By Hannah BRADY, 3rd year student at Kings College University in London, founder and Chair of the UJS Disability Network.

Hannah Brady

Hannah Brady

I had a conversation at Uni about Israel today in which a non-Jewish white male friend – lovely though he is – replied to my spiel about being otherised by saying that he felt otherised in Israel. That he felt different to Israelis in Israel. And thus implied that therefore at some point in our lives, we all feel otherised.

I don’t know why, but something about that really got me ranting.

Wrong… I know exactly why.

What the majority of people don’t seem to understand is that there is a huge gulf between feeling different in a foreign culture and country than there is to feeling separate and misunderstood in your own home.

My friend wouldn’t understand what it feels like to be constantly told to conform to the common culture, constantly reminded that you’re not – and will never be – the same as everyone else.

Generally, I don’t have a problem with having that uniqueness. I love my history, my culture, my people.

What I don’t love is the invisibility of prejudice. I wouldn’t say that anti-Semitism is an epidemic by any means. But it is there, despite it not being overt, and I’m thoroughly sick of being told it isn’t.

In terms of the Israel debate, I find it even more baffling when white ‘liberal’ cohorts of mine try to play the Palestine game on what they see as passionate terms. They have a ‘passion’ for human rights, a calling for solving the political inequalities of the earth.

They’re ready with their BDS Boycott Israel stickers, ready to attack the criminality of so-called Jewish colonialism. They assume what my opinions are, and when I express myself, choose to focus on the aspects of my argument that prove to them my apparent biased inability to recognise the Palestinian plight- or worse, that they understand the Jewish concern but still can’t understand why I refuse to acknowledge terrorism as an inevitable and justified method of protesting the Israeli state.

Because what these acquaintances and friends of mine don’t understand is that for me, Israel isn’t a hobby. In twenty years time, I won’t be a reformed Labour MP candidate running for a safe seat.

No.

I’ll still be met by the same ignorance that thinks my love for Judaism and Jewish history equals an open invitation for Israel to be brought up as a political and intellectual challenge regardless of the time of day and place or scene. I’ll still be told every time I open my mouth about Zionism that I’m Jewish – and therefore biased – and have my entire argument dismissed purely because of my religious and ethnic identity.
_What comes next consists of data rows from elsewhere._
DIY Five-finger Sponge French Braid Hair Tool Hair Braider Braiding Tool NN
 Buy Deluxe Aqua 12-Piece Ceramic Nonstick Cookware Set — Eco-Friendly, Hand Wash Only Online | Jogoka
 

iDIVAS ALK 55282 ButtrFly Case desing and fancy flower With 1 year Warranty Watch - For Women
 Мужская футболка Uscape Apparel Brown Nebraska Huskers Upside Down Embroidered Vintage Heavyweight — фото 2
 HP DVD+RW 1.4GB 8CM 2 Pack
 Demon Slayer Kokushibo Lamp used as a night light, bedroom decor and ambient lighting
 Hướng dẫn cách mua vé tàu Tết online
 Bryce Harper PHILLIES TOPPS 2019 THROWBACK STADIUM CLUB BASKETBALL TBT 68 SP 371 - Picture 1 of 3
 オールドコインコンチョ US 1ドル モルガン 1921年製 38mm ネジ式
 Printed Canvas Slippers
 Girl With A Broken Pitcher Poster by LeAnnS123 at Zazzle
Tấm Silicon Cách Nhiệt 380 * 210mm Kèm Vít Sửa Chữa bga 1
Moreover, in twenty years’ time, I’ll know that there was a short time when any future children I may have were blissfully unaware that this lifestyle of political antagonism and constant questioning was written in the books for them without their awareness or consent.

That one day, they had to learn that six million of their people were slaughtered because despite the fact that the colour of our skin might be the same, it didn’t stop anyone from checking that our blood still ran red. To ask them to remember that there’s plenty of people in the world that refuse to acknowledge this even happened – and that unfortunately, there’s not many others asking them to open their eyes.

And that whether these future children like it or not, however much love, money and success they might have in life will always be weighed down by that heavy six-million-strong burden.

That people say in surprise, “but you don’t look Jewish” as if you’d been trying all your life to chisel down your Streisand nose. Not to mention that no conversation about why you can’t have that bacon butty for breakfast will ever end in anything other than, “oh, I could never be like you.”

True, not many people could ever be like me. Many are far too short-tempered.

If you want to tell me something, tell me that one day I’ll be respected for my brain because I’m a Jewish woman; not in spite of it. Tell me that you celebrate my differences instead of using them as political fodder. Tell me that you care about my opinions and acknowledge them even if you don’t agree.

But most of all, tell me that you really know what it’s like to feel otherised every time you touch down on new soil – even if it’s on your home turf.